Last autumn the Royal Opera House staged the four operas that comprise Wagner's "Ring Cycle" – Das Rheingold, Die Walkure, Siegfried and Gotterdammerung, with just a day or two between the performances. And as each lasts some four to five hours, one hurries to the Opera House during the afternoon for a five o'clock start. How strange, you think. Other people are still at work and I am going to Wagner.
Then, yesterday afternoon at the Royal Festival Hall, the second of these great musical events was completed. Daniel Barenboim gave his eighth and final recital of Beethoven's 32 piano sonatas. He has mixed early, middle and late period works in each concert, so that yesterday he performed the opus 7, written in 1797 when the composer was 27, as well as opus 111, the last in the series, finished shortly before Beethoven began work on the Ninth Symphony 25 years later.
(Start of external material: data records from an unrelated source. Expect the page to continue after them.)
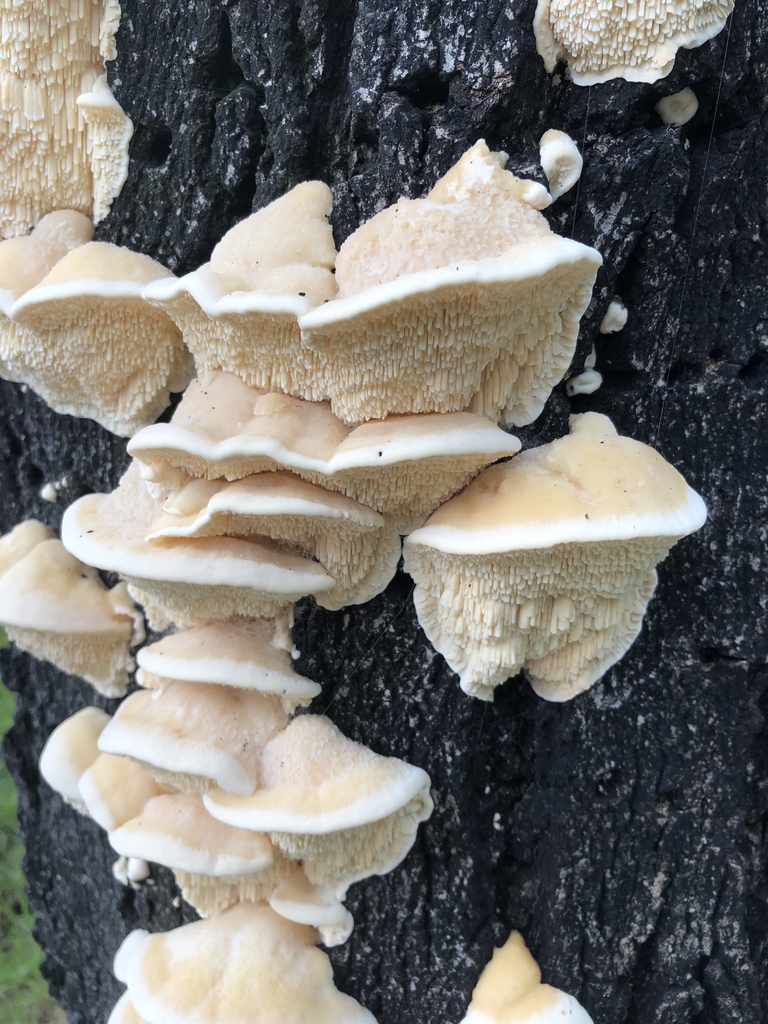 Irpiciporus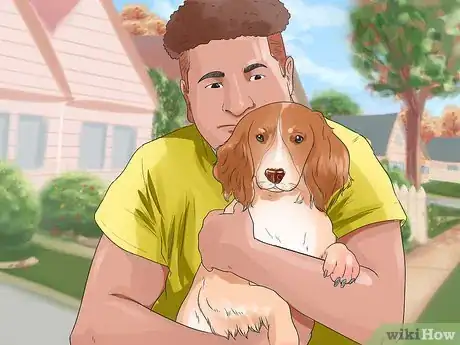 Image titled Care for English Springer Spaniels Step 9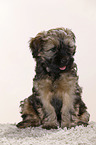 Tibetan Terrier Puppy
Again, there was a huge sense of occasion. As with the "Ring Cycle", every seat was taken as soon as they went on sale. The Festival Hall had even provided 150 extra places on the platform itself. As a result, Barenboim has appeared more like a boxer in a ring, with the spectators bearing down on him, than the usual aloof pianist sitting at a piano set on the broad expanse of a stage that normally accommodates a full orchestra. The applause he received as he came on to play was more than most artists receive at the end of a superb performance.
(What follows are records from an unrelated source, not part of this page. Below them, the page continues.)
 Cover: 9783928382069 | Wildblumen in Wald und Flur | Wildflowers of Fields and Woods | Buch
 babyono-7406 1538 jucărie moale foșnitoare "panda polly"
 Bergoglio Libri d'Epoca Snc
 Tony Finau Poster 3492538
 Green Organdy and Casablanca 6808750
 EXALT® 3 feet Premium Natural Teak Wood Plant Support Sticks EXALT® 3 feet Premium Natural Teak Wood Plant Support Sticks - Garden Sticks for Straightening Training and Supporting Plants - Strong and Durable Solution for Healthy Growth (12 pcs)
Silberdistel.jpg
This is because we knew, before a single note was struck, that we were in the presence of a great man. Not only is Barenboim one of the best two or three pianists in the world, he is also a distinguished conductor. He has conducted the aforementioned "Ring Cycle" at Bayreuth. Moreover, as a Jew he has insisted on playing Wagner in Israel because, "I don't see how you can really understand Mahler and Schoenberg if you don't know your Wagner". Even more boldly, in partnership with the late Edward Said, the Palestinian-Arab scholar, he set up the West-Eastern Divan Orchestra. At each desk, an Arab is placed next to an Israeli. After a concert in Ramallah, Barenboim said: "Either we all kill each other, or we share what there is to share."
But it wasn't just the crowds, the wild applause and Barenboim's achievements that made the occasion at the Festival Hall. The "32" are the touchstone of a pianist's ability. Not only do they contain fiendishly difficult passages but they have that timeless quality that all great art possesses. Equally remarkable, there yet remains the odd movement here and there which the amateur pianist can tackle. The result is that the audience tends to know and love the work with a rare intensity.
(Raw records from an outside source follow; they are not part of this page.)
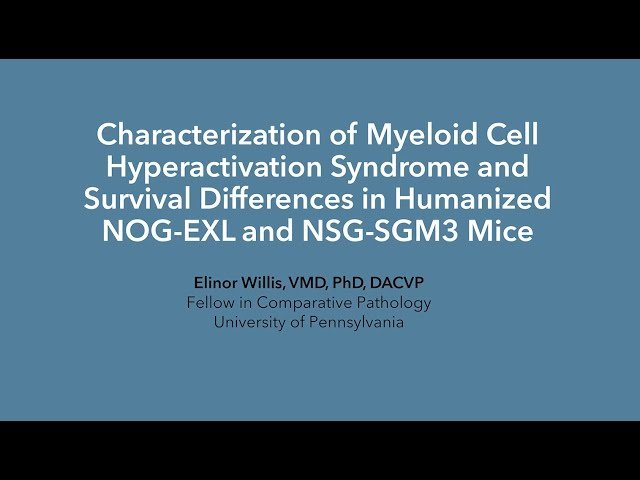 Characterization of Myeloid Cell Hyperactivation Syndrome and Survival Differences in Humanized NOG-EXL and NSG-SGM3 Mice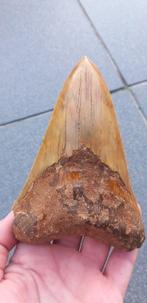 Megalodon haaientand 13,2 cm fossiel, Ophalen of Verzenden, Fossiel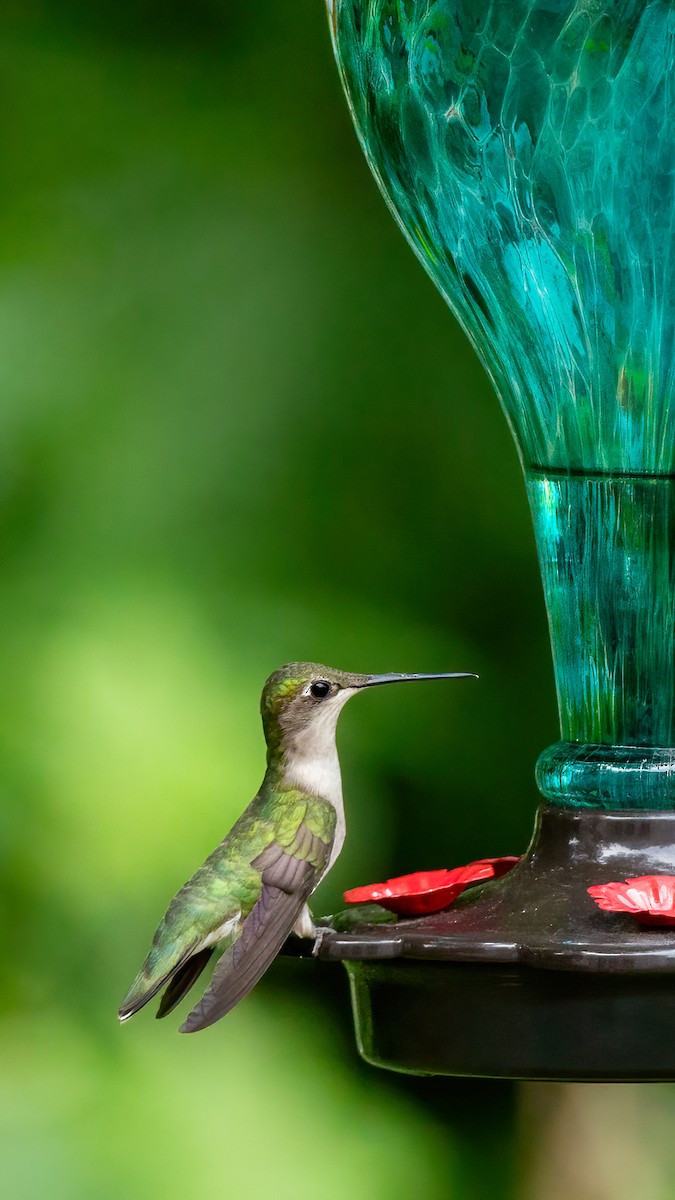 Ruby-throated Hummingbird - George Holt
Both the Wagner and the Beethoven provided challenges for the music lover. A single phrase I had read haunted me throughout the "Ring Cycle": "What at first may seem to be a disjointed accumulation of broken musical fragments becomes with familiarity a huge unbroken span from the opening notes to the final chord." If only I could have kept that great conception entire and in one piece in my head as I listened.
And then with the 32 sonatas, there is the familiar notion that they represent, as Barenboim has said, the most complete creative diary ever kept by a composer. Yes, so long as one does not try to connect what one hears with specific events in Beethoven's life. I don't think you can really find his friendships in them even though individual sonatas are dedicated to various friends and supporters. You certainly cannot find the anguish that his deafness inflicted on him, even though from his late 20s onwards he was complaining that his ears continued "to hum and buzz all day".
Yet, as I hurried off to the last recital yesterday, how could I not think of all that I know about Beethoven – and Daniel Barenboim – as the tumultuous opus 111 begins, with its urgency, its startling variations in volume, its passages that hark back to the style which Beethoven knew in his youth, its fugal elements that go back even further still, its force that carries the punch of an entire symphony orchestra, and its questioning, wistful passages as well as its supreme self-confidence.
In gratitude to Beethoven-Barenboim, now become one artistic personality, we rose to our feet at the end, clapped and cheered and asked for more. But Barenboim had done enough. There really was nothing to add.